IMO the security of a product is highly dependent on the philosophy of
the organization that supports it and the individual programmers who
implement it. It is not so much an open or closed source issue.
To add a different take on the discussion, below is a brief writeup of
some work I've done in this area that compares the types of
vulnerabilities being reported in open/closed source vendor
advisories.
- Steve
======================================================================
On Bugtraq, Dave Aitel said:
>on Open Source platforms (or platforms for which the source code is so
>readily available as to make it open source in all but name) people
>are now hunting down obscure integer overflows, and on closed source
>platforms fuzzers are happily picking out stack overflows in initial
>handshake messages.
This phenomenon may be reflected in the types of vulnerabilities that
are reported in open vs. closed source advisories. Below is a list of
"Top 10" vulnerabilities, and their relative ranking in open/closed
source advisories. This is based on CVE statistics from January 2000
to October 2002. These results were presented to the Open Source
Security Summit in Washington DC in October.

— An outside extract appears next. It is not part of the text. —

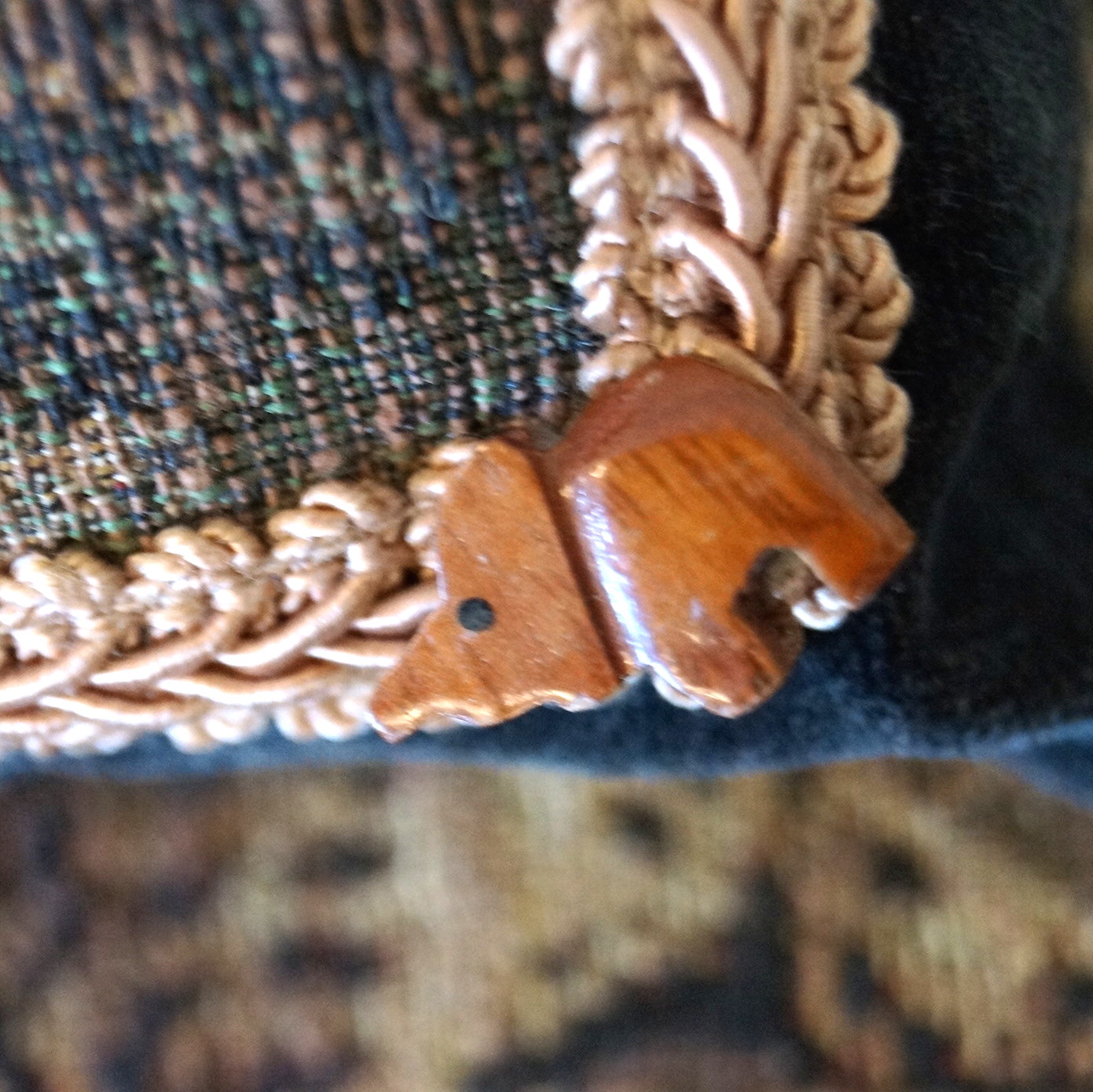 Wood Chair with Safari Themed Upholstery and Pillows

Interestingly, format string vulnerabilities and symlink issues are
much more frequently reported in open source vs. closed source
advisories. Is this because closed source doesn't have the problem?
Probably not. I suspect, rather, that symlinks and format strings are
more easily found using source code inspection than "black box"
testing.
As another example, many security advisories still report "buffer
overflows," but they are not yet using terminology that covers the
emerging variants of overflows, e.g. as we saw in the chunked encoding
problems that hit web servers, integer signedness errors, etc. This
can make it difficult to know whether a product has a "classic"

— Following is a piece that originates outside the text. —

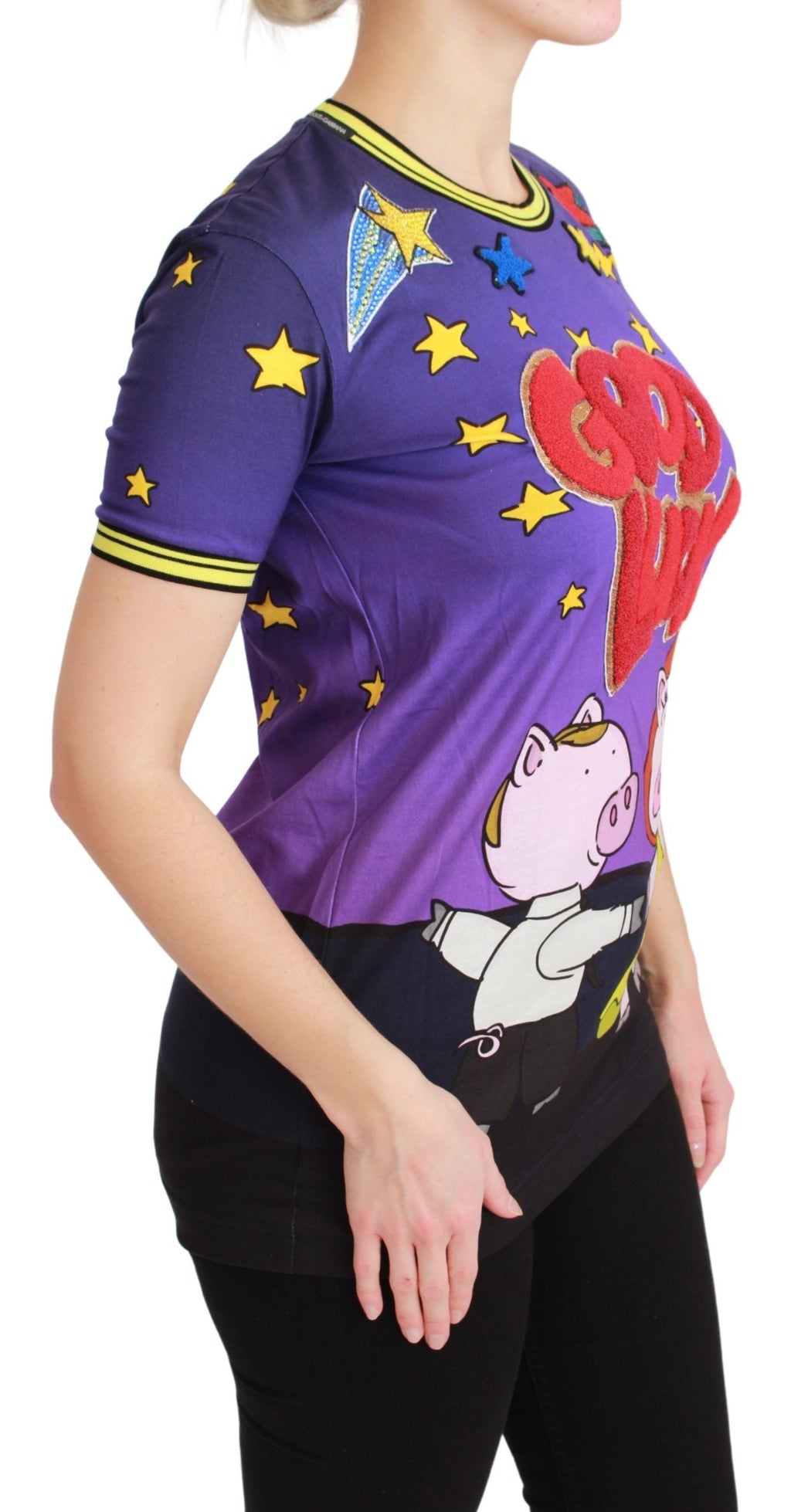 Purple YEAR OF THE PIG Top Cotton T-shirt Dolce & Gabbana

overflow, or one of the newer flavors that may take the vendor some
time to completely stamp out. (For historical precedent, consider how
format string vulnerabilities were often called "overflows" in the
early days). This is especially problematic with vague advisories.
Many of the major vulnerabilities of this year aren't your classic
run-of-the-mill overflows, although they are labeled as such.
Consumers could use this top ten to evaluate how well their software
providers are performing... with the caveat that terminology is
imprecise.
Note: in general, I do not believe it is appropriate to compare the
security of products based on the number of released advisories.
There are too many variables including different risk tolerances,
vendors' willingness to publicly acknolwedge bugs, the use by vendors
of other channels besides advisories, and the fact that many
advisories can cover anywhere from 1 to 10 bugs. In this case, we are
using reasonably normalized information (i.e. CVE names) to make the
comparison.
Thanks to Mark Cox of Red Hat Linux for suggestions that framed this
research in the context of open and closed source advisories.
- Steve
--------------------------------------------------
The Ten Most Commonly Reported Vulnerability Types
--------------------------------------------------
As of: October 2002
The overall rank and percentage is obtained from 3582 CVE entries or
CANs (CVE-xxxx or CAN-xxxx) from January 2000 to October 2002. Note:
due to various factors, CVE is not necessarily complete for this time
period.
The open/closed source rank is obtained from 1184 CVE identifiers for
advisories from well-known open or closed source OS vendors,
approximately 600 each.
Overall Overall Open Src. Closed Src.
Rank Flaw type Percent Rank Rank
------- -------------------- ------- --------- -----------
1 Buffer overflow 21.8% 1 1
2 Directory Traversal 6.8% 11 14
3 "Malformed input" 5.8% 6 2
4 Shell Metacharacters 4.4% 5 7
5 Symlink Following 3.6% 2 10
6 Privilege Handling 3.5% 4 3
7 Cross-site scripting 3.1% 8 13
8 Cryptographic error 2.9% 13 11
9 Format strings 2.8% 3 12
10 Bad permissions 2.4% 7 5
Notes on Flaw Types
-------------------
These types have evolved over the past couple of years. I am unaware
of vulnerability classification efforts that go down to this level of
abstraction (Krsul's work is close), but I am working on something
that uses a lower level of abstraction than these categories.
These flaw types focus on the programmer's error, not the type of
attack that is used to exploit the issue.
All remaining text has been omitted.